Toute fusée, tout satellite civil, peuvent apprendre quelque chose aux services militaires. C'est pourquoi Sheldon croit pouvoir affirmer que les 3/5 des vols spatiaux américains sont réalisés pour le compte du ministère de la Défense, bien que les 2/3 des dépenses dans ce domaine soient faites par le canal de la NASA, organisme civil. Un exemple récent et peu connu montre à quel point l'emprise des militaires sur la recherche spatiale s'oppose à toute velléité de coopération internationale.

Le lanceur Diamant B français a réussi ses trois satellisations avec toutefois de sensibles écarts d'altitude par rapport aux prévisions, écarts attribués a priori à l'effet Pogo (la résonance entre le moteur et la structure de la fusée engendre de fortes vibrations). Ces vibrations ont été enregistrées au sol et, tout en faisant des recherches pour son propre compte, le CNES a communiqué ces enregistrements à la société américaine Aerospace Inc. et lui a commandé l'étude du problème. On apprenait au printemps dernier que cette firme ne pouvait communiquer ses conclusions au CNES — conclusions relatives à une fusée française ! — parce que l'Aviation américaine (l'US Air Force) le lui interdisait...
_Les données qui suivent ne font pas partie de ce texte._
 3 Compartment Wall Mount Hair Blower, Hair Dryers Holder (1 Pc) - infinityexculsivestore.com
Un autre sujet d'étonnement pour les négociateurs européens aura été l'attitude du gouvernement américain qui a jeté un autre interdit : pas de coopération là où l'espace peut rapporter de l'argent.

La conception américaine de la coopération, pour ce qui a trait à ces applications commerciales, est éloquemment illustrée par l'Intelsat, consortium international qui exploite le réseau actuel de satellites-relais non soviétiques.
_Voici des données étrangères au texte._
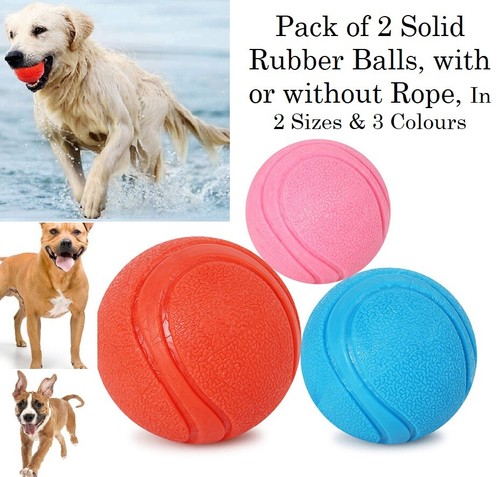 2 Pack Dog Ball Solid Tough Hard Rubber Ball Durable Pet Chew Toy & Rope 2 Sizes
Les 77 pays membres ont investi dans l'Intelsat 350 millions de dollars. Sur ce total, la part des États-Unis a été de 52 %, mais, au moment de passer les commandes de matériel, l'industrie américaine s'est vu attribuer 92 % de ces capitaux.

« Post-Apollo »

Ce vaste programme américain se propose l'installation de stations orbitales autour de la Terre et la mise au point d'un véhicule aérospatial (tenant à la fois de l'avion et du vaisseau cosmique) prévu pour faire la navette entre ces stations et le sol. En novembre 1970, à court d'argent, la NASA était toujours désireuse de s'assurer la coopération de l'Europe pour la réalisation de ce vaste projet. Elle semblait favorable à une entente sur les bases suivantes : l'Europe contribuerait à concurrence de 10 % à l'étude et à la réalisation de la navette, ce qui représenterait un milliard de dollars à dépenser en dix ans.

Pour dégager cette somme, les Européens auraient renoncé à développer leurs lanceurs Europa. Aussi, en contrepartie, la NASA leur aurait vendu des fusées pour qu'ils puissent lancer leurs satellites. En outre, ayant contribué à la réalisation du programme post-Apollo, les Européens devaient logiquement avoir accès aux informations technologiques de cette réalisation et jouir de la possibilité de se servir de la navette.

Dès ce même mois de novembre, l'US Air Force commença à manifester l'intérêt qu'elle portait depuis toujours au matériel post-Apollo, dont elle se considérait partie prenante. Toutefois, la mainmise des militaires sur ce projet n'était pas encore reconnue. Aussi, au début de l'année 1971, les deux organisations de la recherche spatiale européenne — la CECLES-ELDO et la CERS-ESRO — demandaient aux industriels du vieux continent de formuler des suggestions et d'établir des avant-projets en vue d'une collaboration européenne aux projets américains. En particulier, une étude a été commandée concernant l'engin Tug, qui est une navette interorbitale non pilotée, tandis qu'un autre groupe industriel était chargé de formuler des propositions relatives au moteur de cette navette.